▶ **What this task involves**:
Please produce an exact copy of only the lines from the one with "Investment Decision Rules" through the last one of the material, without pictures.

*** Begin section ***

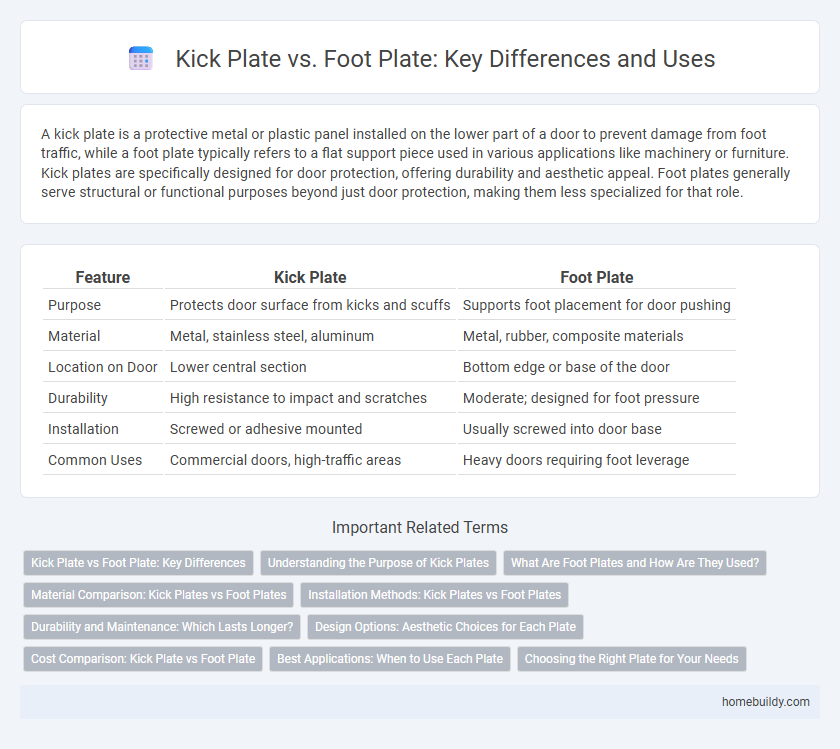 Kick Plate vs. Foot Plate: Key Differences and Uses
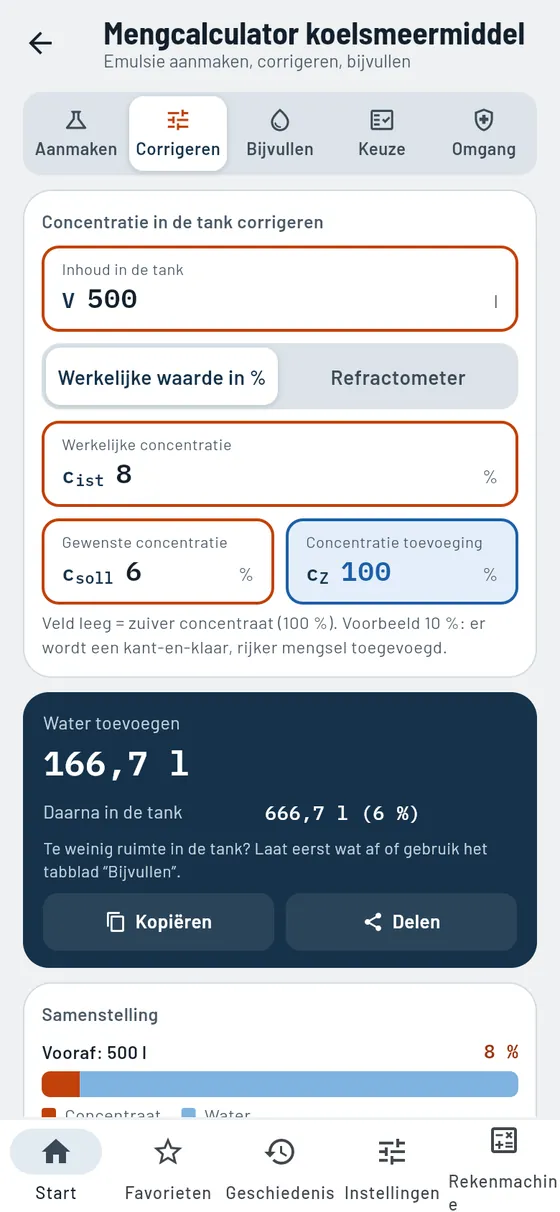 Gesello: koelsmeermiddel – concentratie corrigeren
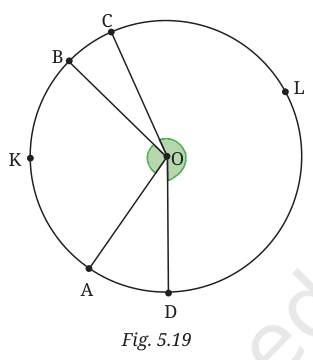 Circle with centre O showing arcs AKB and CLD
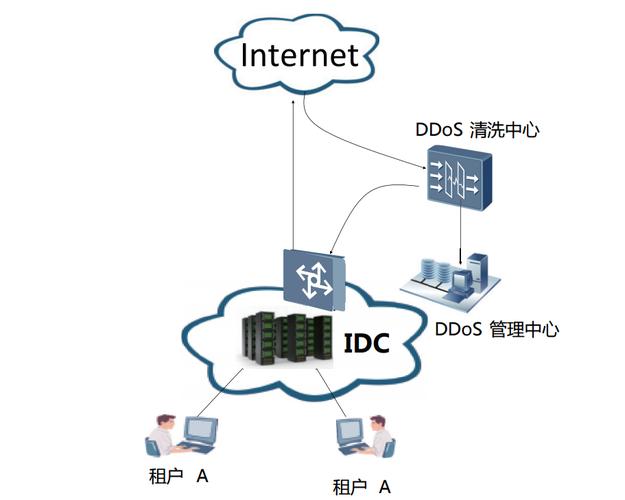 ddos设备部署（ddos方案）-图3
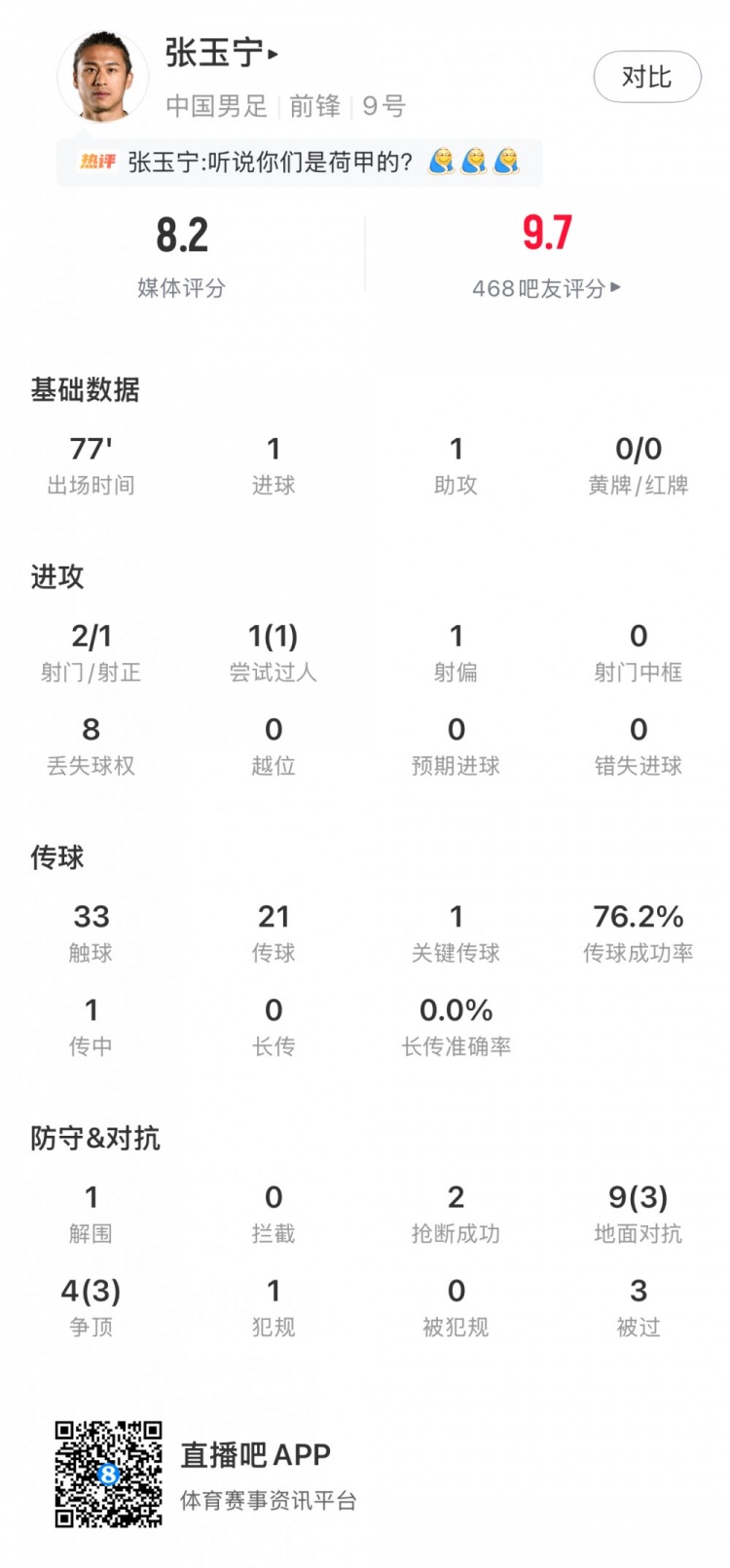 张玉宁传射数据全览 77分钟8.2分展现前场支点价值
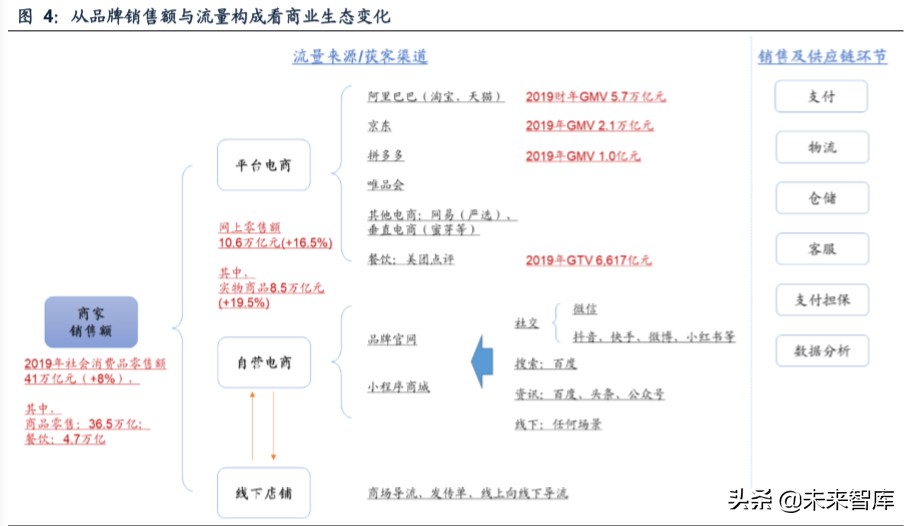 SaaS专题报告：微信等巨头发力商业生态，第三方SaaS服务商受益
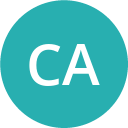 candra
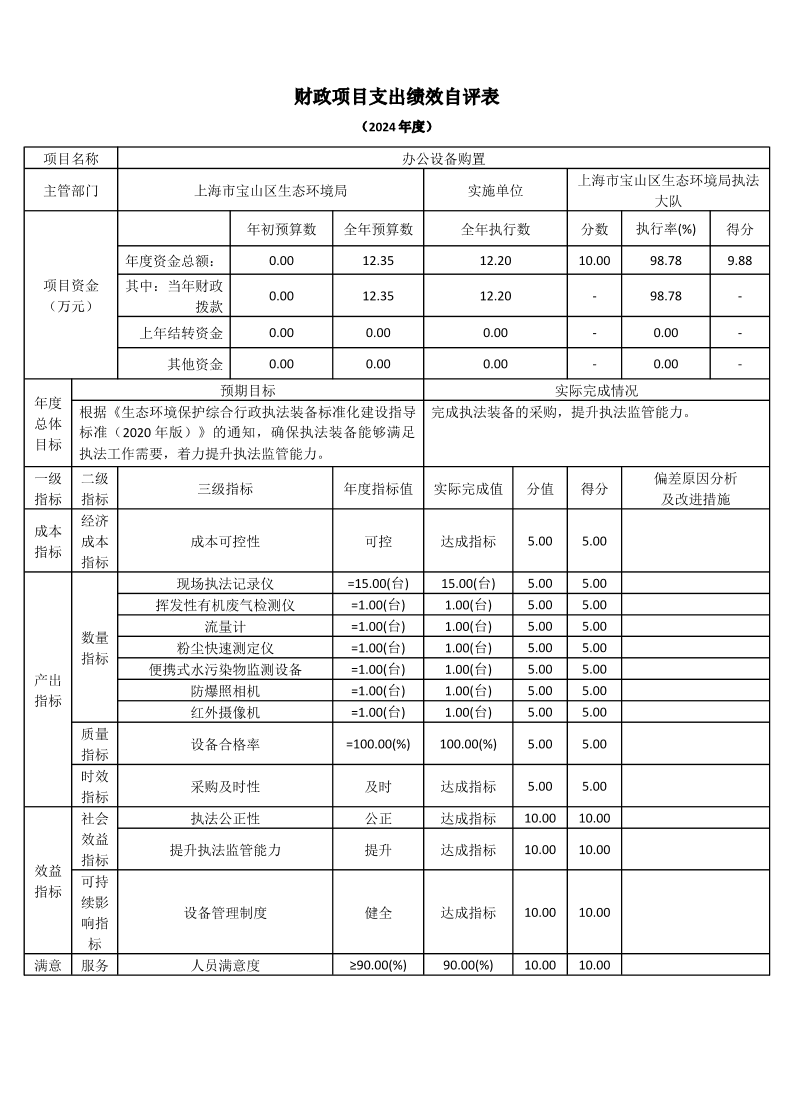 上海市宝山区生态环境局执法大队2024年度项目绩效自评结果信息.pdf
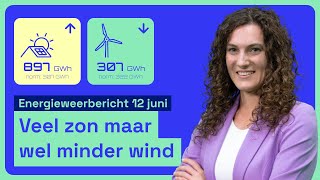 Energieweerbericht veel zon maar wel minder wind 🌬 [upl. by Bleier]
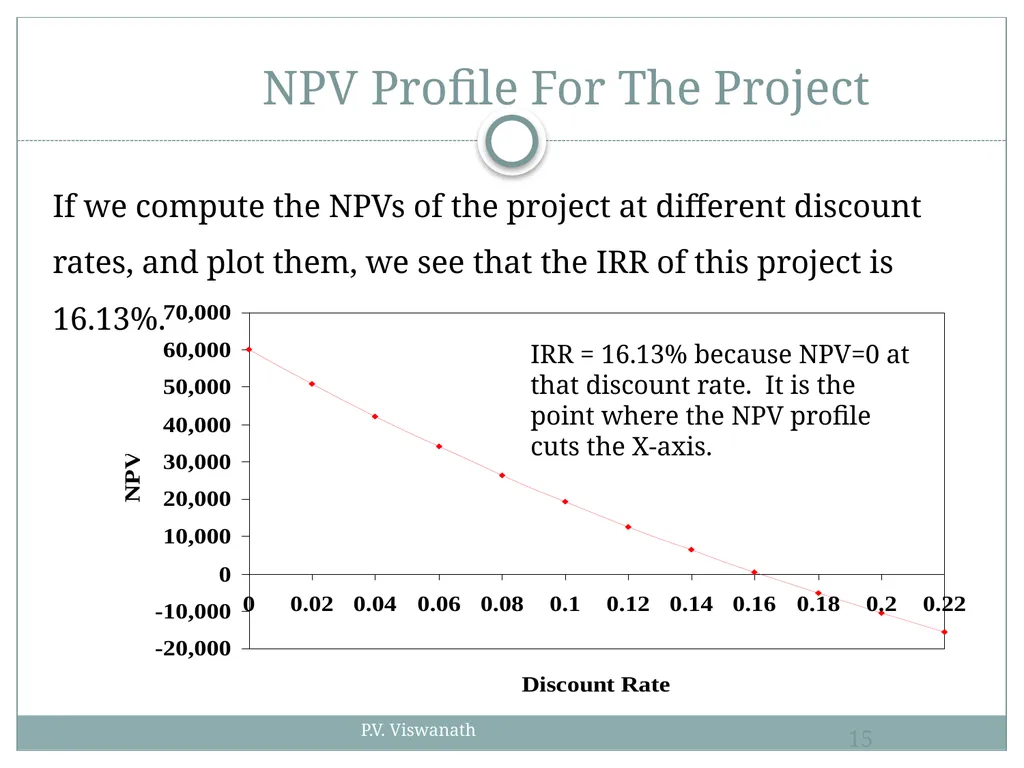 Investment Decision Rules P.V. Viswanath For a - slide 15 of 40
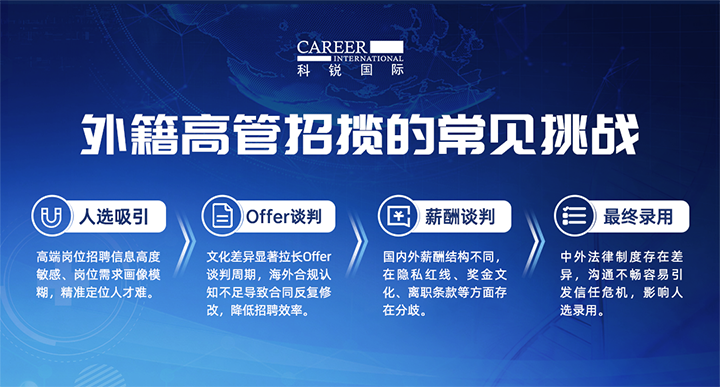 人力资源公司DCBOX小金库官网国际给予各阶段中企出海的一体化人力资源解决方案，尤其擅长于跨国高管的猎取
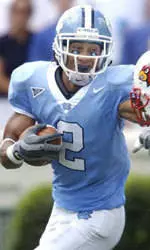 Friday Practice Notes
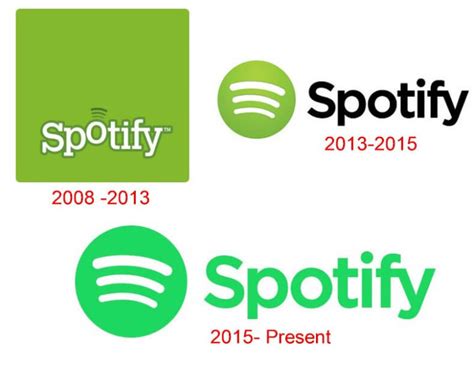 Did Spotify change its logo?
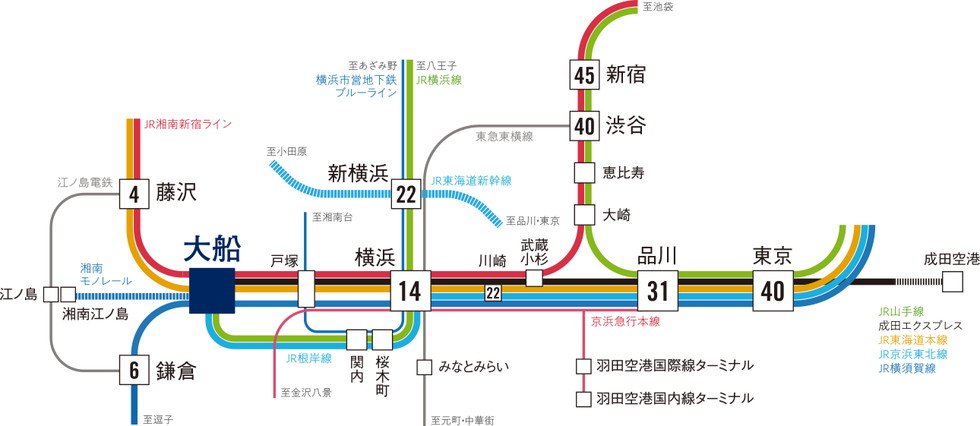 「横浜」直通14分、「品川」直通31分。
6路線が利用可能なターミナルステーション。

*** End section ***

▶ **Answer**:
 Investment Decision Rules P.V. Viswanath For a - slide 15 of 40
 人力资源公司DCBOX小金库官网国际给予各阶段中企出海的一体化人力资源解决方案，尤其擅长于跨国高管的猎取
 Friday Practice Notes
 Did Spotify change its logo?
 「横浜」直通14分、「品川」直通31分。
6路線が利用可能なターミナルステーション。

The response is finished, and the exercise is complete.